How do you find the roots for #f(x) = 15x^12 + 41x^9 + 13x^2 –10# using the fundamental theorem of algebra?

1 Answer
Jun 5, 2016

The FTOA tells us it has #12# zeros but does not help us find them...

Explanation:

The fundamental theorem of algebra tells you that a polynomial of degree #n > 0# in one variable has a Complex (possibly Real) zero.

A corollary of this, often stated as part of the FTOA is that a polynomial of degree #n > 0# in one variable will have exactly #n# Complex (possibly Real) zeros counting multiplicity.

To see why this follows, note that if we have one zero #x_1#, then #f(x)# will be divisible by #(x-x_1)# resulting in a polynomial of degree #n - 1#. If #n - 1 > 0# then this will have a zero #x_2#, etc.

In our example:

#f(x) = 15x^12+41x^9+13x^2-10#

is of degree #12#, so has exactly #12# zeros counting multiplicity.

That's all the FTOA tells you.

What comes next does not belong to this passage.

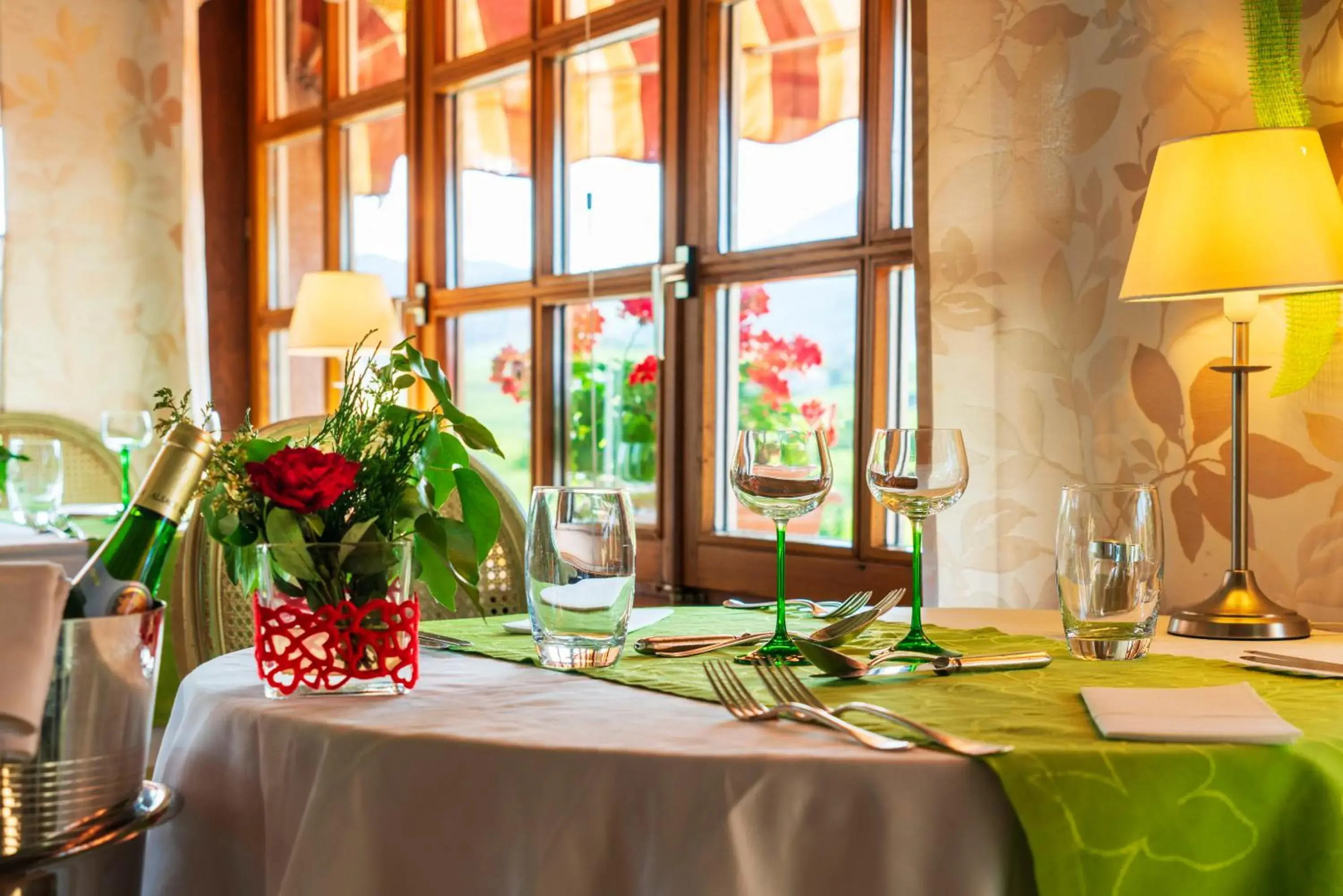 Restaurant/places to eat in Hotel Munsch Restaurant & Wellness, Colmar Nord - Haut-Koenigsbourg Restaurant/places to eat in Hotel Munsch Restaurant & Wellness, Colmar Nord - Haut-Koenigsbourg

It does not help you find the zeros.

#color(white)()#
What else can we find out about the zeros of this polynomial?

Note that the signs of the coefficients follow the pattern:

#+ + + -#

With one change of sign, that means that there will be exactly one positive Real zero.

Reversing the sign on the term of odd degree we get the pattern:

#+ - + -#

With three changes of sign, that means that there will be either #1# or #3# negative Real zeros.

We can try to find rational zeros using the rational root theorem:

Any zero of #f(x)# must be expressible in the form #p/q# for integers #p, q# with #p# a divisor of the constant term #-10# and #q# a divisor of the coefficient #15# of the leading term.

That means that the only possible rational zeros are:

#+-1/15#, #+-2/15#, #+-1/5#, #+-1/3#, #+-2/5#, #+-2/3# #+-1#, #+-5/3#, #+-2#, #+-5#, #+-10#

None of these works, so #f(x)# has no rational zeros.

Ultimately, we are stuck with using numerical methods (e.g. Durand-Kerner) to find approximations for the zeros:

#x~~-1.38923#

#x~~0.735661#

#x~~-0.775742+-0.203247i#

#x~~-0.487897+-0.736584i#

#x~~0.14955+-0.928279i#

#x~~0.714459+-1.21625i#

#x~~0.726412+-0.459408i#